▸ What you need to do: Would you retype the lines from the one that holds "Three Indonesian Boxers" to the final line of the entries below, both ends included and exactly as written, but without pictures?

▸ Dataset entries:
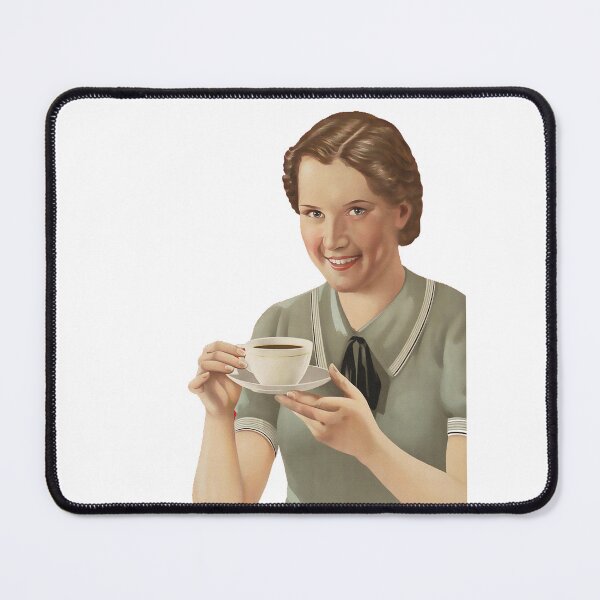 Item preview, Vintage Coffee Advertisement designed and sold by Slydell1.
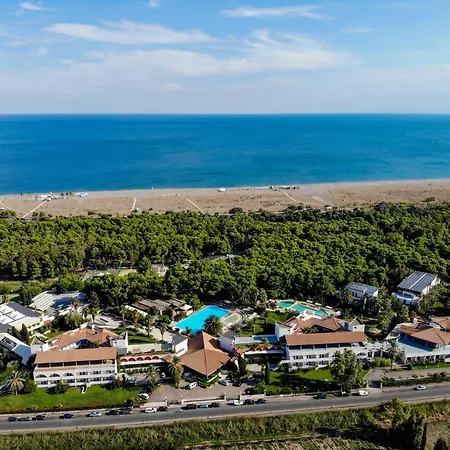 Hotel Villaggio Giardini D'oriente Nova Siri Marina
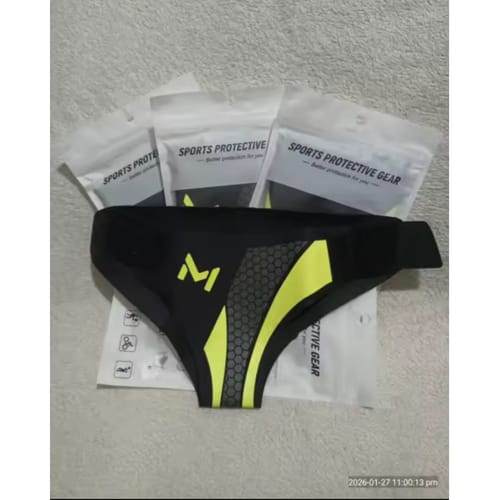 Customer photo review of ANCHR ShiftGuard — 12-Hour Ankle Support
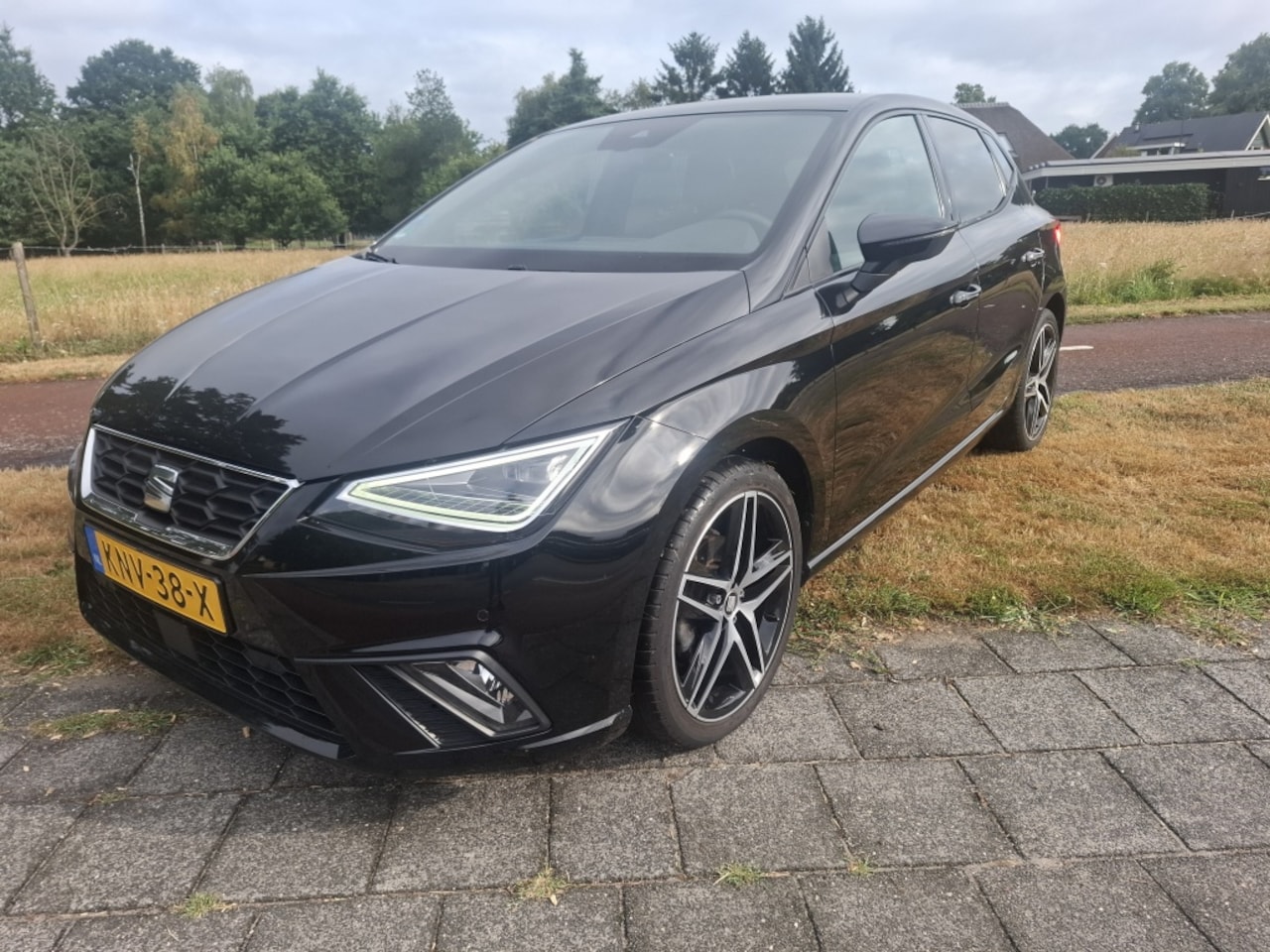 SEAT Ibiza - 1.0 EcoTSI FR 1.0 EcoTSI FR - AutoWereld.nl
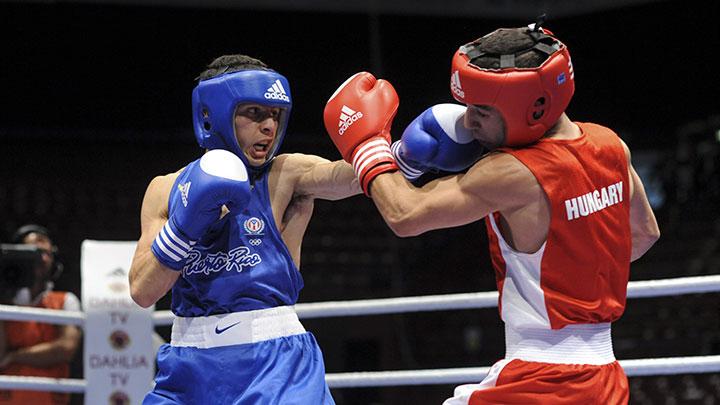 Three Indonesian Boxers Compete in Asian Boxing Championships Today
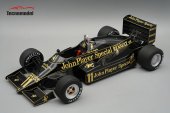 (image for) Lotus 94T - Elio de Angelis - 1983 European GP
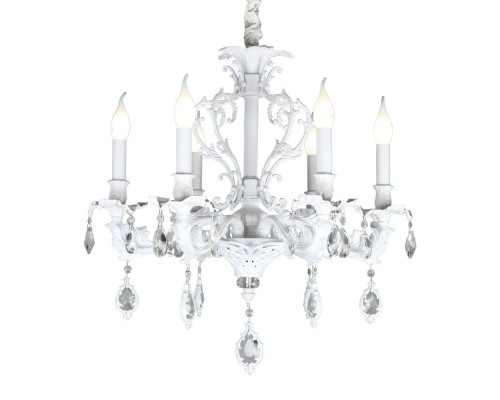 Подвесная люстра Senis OML-74713-06 Omnilux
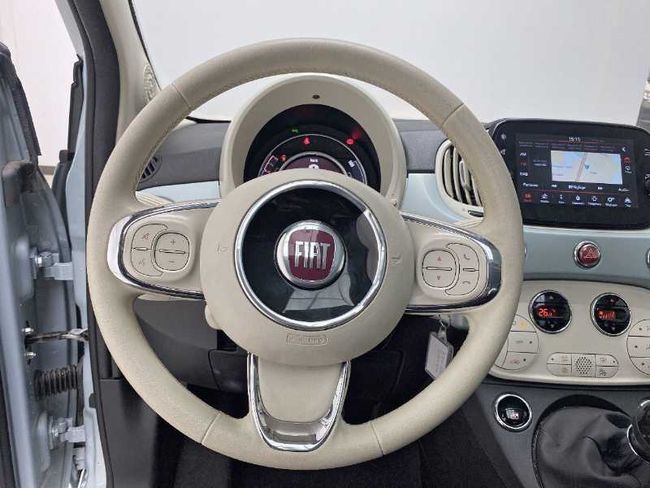 Fiat 500 FIAT  1.0 Hybrid 51kw (70CV) Dolcevita   - Foto 36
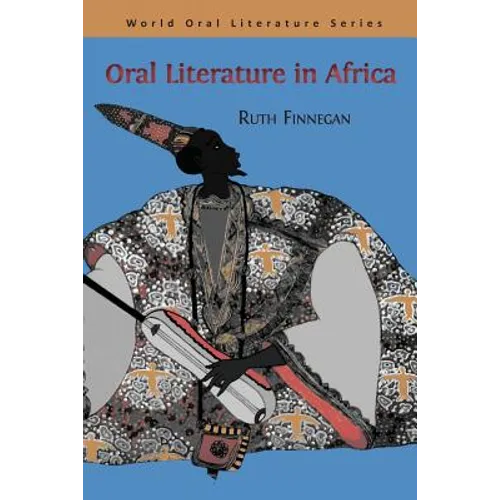 Oral Literature in Africa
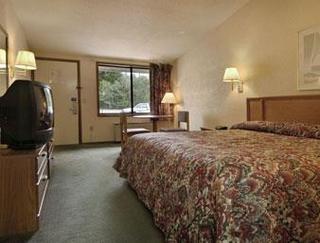 Motel Travelodge Greenville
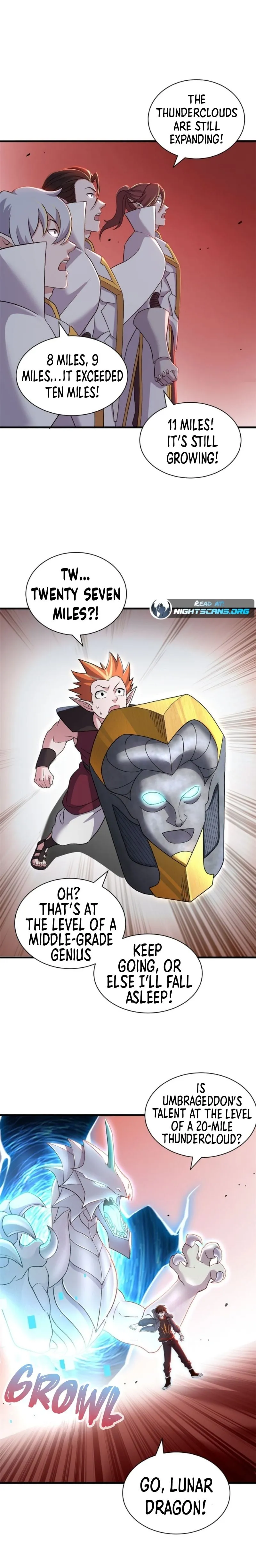 Astral Pet Store Chapter 88 Page 3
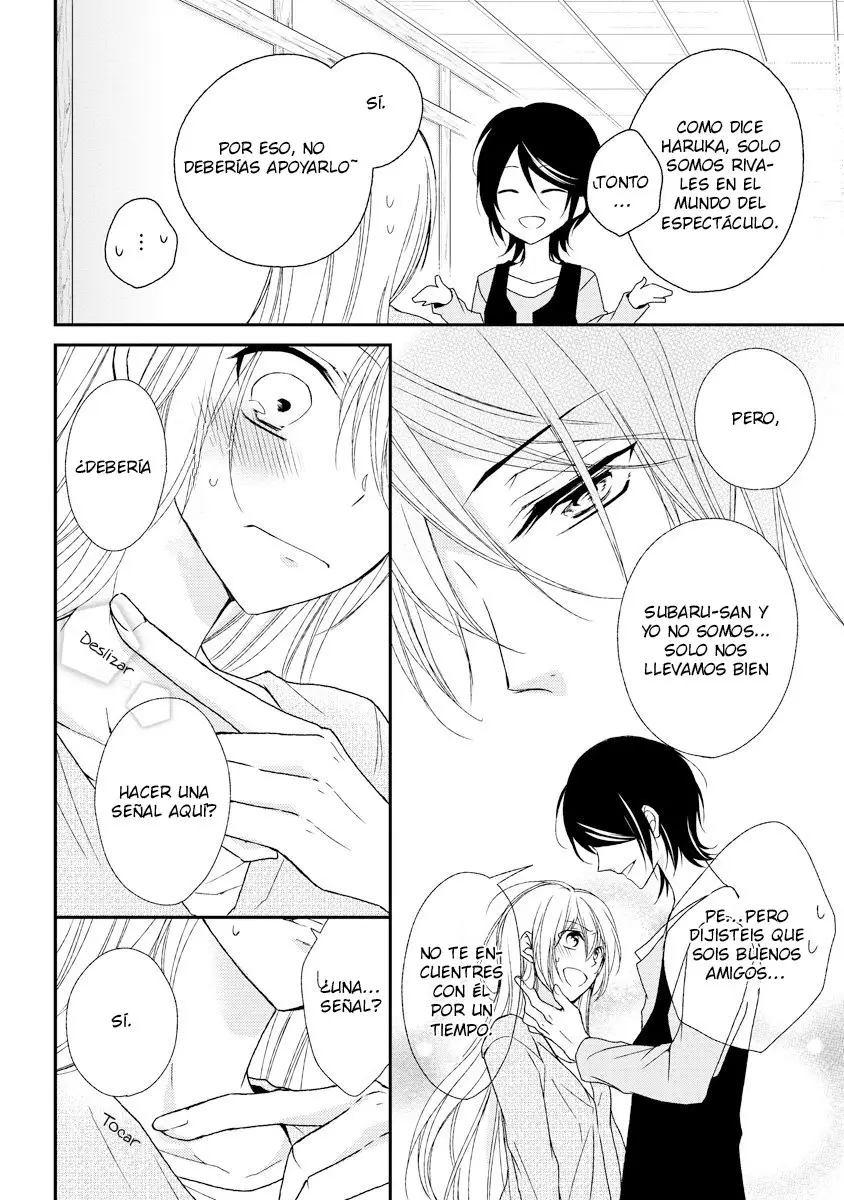 Netsuai Prince - Onii-chan wa Kimi ga Suki (2015) - Capítulo 6 - Página 9 - LectorTMOo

▸ Output for this exercise:
 Three Indonesian Boxers Compete in Asian Boxing Championships Today
 (image for) Lotus 94T - Elio de Angelis - 1983 European GP
 Подвесная люстра Senis OML-74713-06 Omnilux
 Fiat 500 FIAT  1.0 Hybrid 51kw (70CV) Dolcevita   - Foto 36
 Oral Literature in Africa
 Motel Travelodge Greenville
 Astral Pet Store Chapter 88 Page 3
 Netsuai Prince - Onii-chan wa Kimi ga Suki (2015) - Capítulo 6 - Página 9 - LectorTMOo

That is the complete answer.